At last, soon after nine o’clock, Zakhar opened the door into the study with the tray, kicked the door, as usual, in order to shut it and, as usual, missed it, keeping the tray intact, however – he had grown expert at it from long practice, and, besides, he knew that Anisya was keeping an eye on him from behind the door and that if he dropped something she would at once rush to pick it up and put him to shame. His beard pressed into the tray which he hugged tightly, he reached the bed safely and was about to put the cups on the bedside table and waken his master, when he noticed that the bed had not been slept in and that the master was not in it! He gave a start and a cup flew on to the floor, followed by the sugar-basin. He tried to catch them in the air, the tray swayed, and the other things fell too. He succeeded in keeping only one spoon on the tray.

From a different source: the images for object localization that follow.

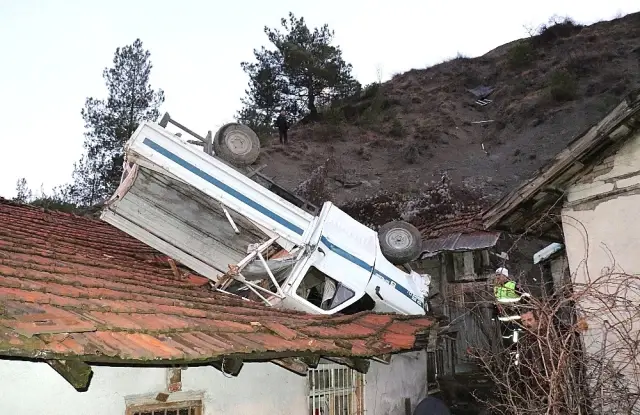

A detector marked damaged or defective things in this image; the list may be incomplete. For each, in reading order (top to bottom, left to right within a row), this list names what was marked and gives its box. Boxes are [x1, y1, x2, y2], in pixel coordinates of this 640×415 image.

broken roof section [0, 198, 436, 390]
damaged house [0, 200, 438, 414]
overturned white truck [100, 114, 430, 316]
broken roof section [418, 211, 502, 256]
broken roof section [482, 90, 640, 240]
damaged house [482, 90, 640, 410]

‘What’s all this?’ he said, watching Anisya pick up lumps of sugar, broken pieces of the cup and the bread. ‘Where is the master?’

The master was sitting in the arm-chair, looking terribly ill. Zakhar looked at him open-mouthed.

‘Why did you sit in the chair all night, sir, instead of going to bed?’ he asked.

Oblomov slowly turned his head, looked vacantly at Zakhar, at the spilt coffee, at the scattered sugar on the carpet.

‘And why did you break the cup?’ he said, and walked up to the window.

It was snowing heavily, the big flakes thickly covering the ground.

‘Snow, snow, snow!’ he kept repeating senselessly, looking at the snow which lay in a thick layer on the railings, the trellis fence, and the kitchen-garden. ‘It has covered everything!’ he whispered desperately, lay down on the bed and sank into a leaden, comfortless sleep.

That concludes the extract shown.